Les deux visages de l’euro
De tous les hommes politiques européens qui n’ont jamais dirigé leur pays, Jacques Delors et Wolfgang Schäuble ont eu le plus grand impact sur l’Europe. À eux deux, les deux hommes, décédés à un jour d’intervalle en décembre, ont façonné l’Union européenne d’aujourd’hui, avec ses défauts.
ATHENES – De tous les hommes politiques européens qui n’ont jamais dirigé leur pays, Jacques Delors et Wolfgang Schäuble ont eu le plus grand impact sur l’Europe. À eux deux, Delors et Schäuble, décédés à un jour d’intervalle en décembre, ont façonné l’Union européenne d’aujourd’hui, avec ses défauts. Leurs mandats ne se chevauchaient pas vraiment, mais leurs âpres affrontements sur l’avenir de l’Europe sont entrés dans l’histoire. Et même si l’importance de ces deux hommes est largement reconnue, le lien de causalité étroit entre leurs visions contradictoires et la crise actuelle de l’UE n’est pas bien compris.

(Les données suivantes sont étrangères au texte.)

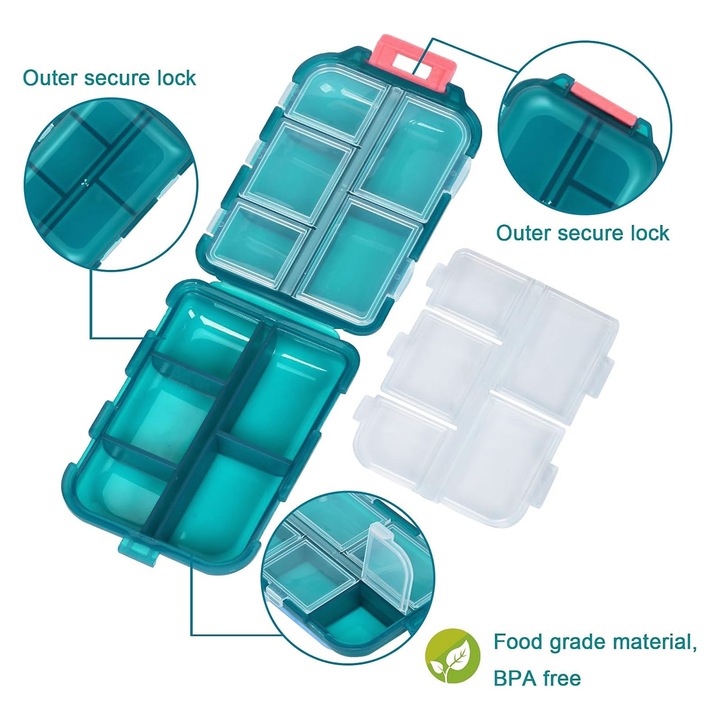 Organizator de pastile de calatorie, SINBINTA, Dozator mic cu 10 compartimente pentru medicamente, Cutie portabila pentru pastile, Usor de transportat, Durabil, Pentru munca si alte activitati in aer liber, Plastic, 9.5*6.5*3cm, Verde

À en juger par les différentes nécrologies, on se souvient des deux hommes pour leurs différences apparentes : Delors, le flamboyant français, catholique et social-démocrate dont le rêve d’une Europe keynésienne était le cauchemar du Premier ministre britannique Margaret Thatcher ; et Schäuble, l’austère avocat allemand dont le calvinisme fiscal terrifiait les ministres des Finances d’Europe du Sud, ainsi que les ministres des Finances français, qui dépensaient en déficit. Alors que tous deux ont été reconnus comme des Européens remarquables, et donc des ennemis des eurosceptiques, Delors est décrit comme le centralisateur le plus impatient, contrastant fortement avec Schäuble, qui était réticent à céder les pouvoirs du parlement allemand à Bruxelles.
Rien de tout cela n’est faux. Mais la description des motivations et des actes des deux hommes qu’elle nous laisse est incomplète – et peut-être trompeuse.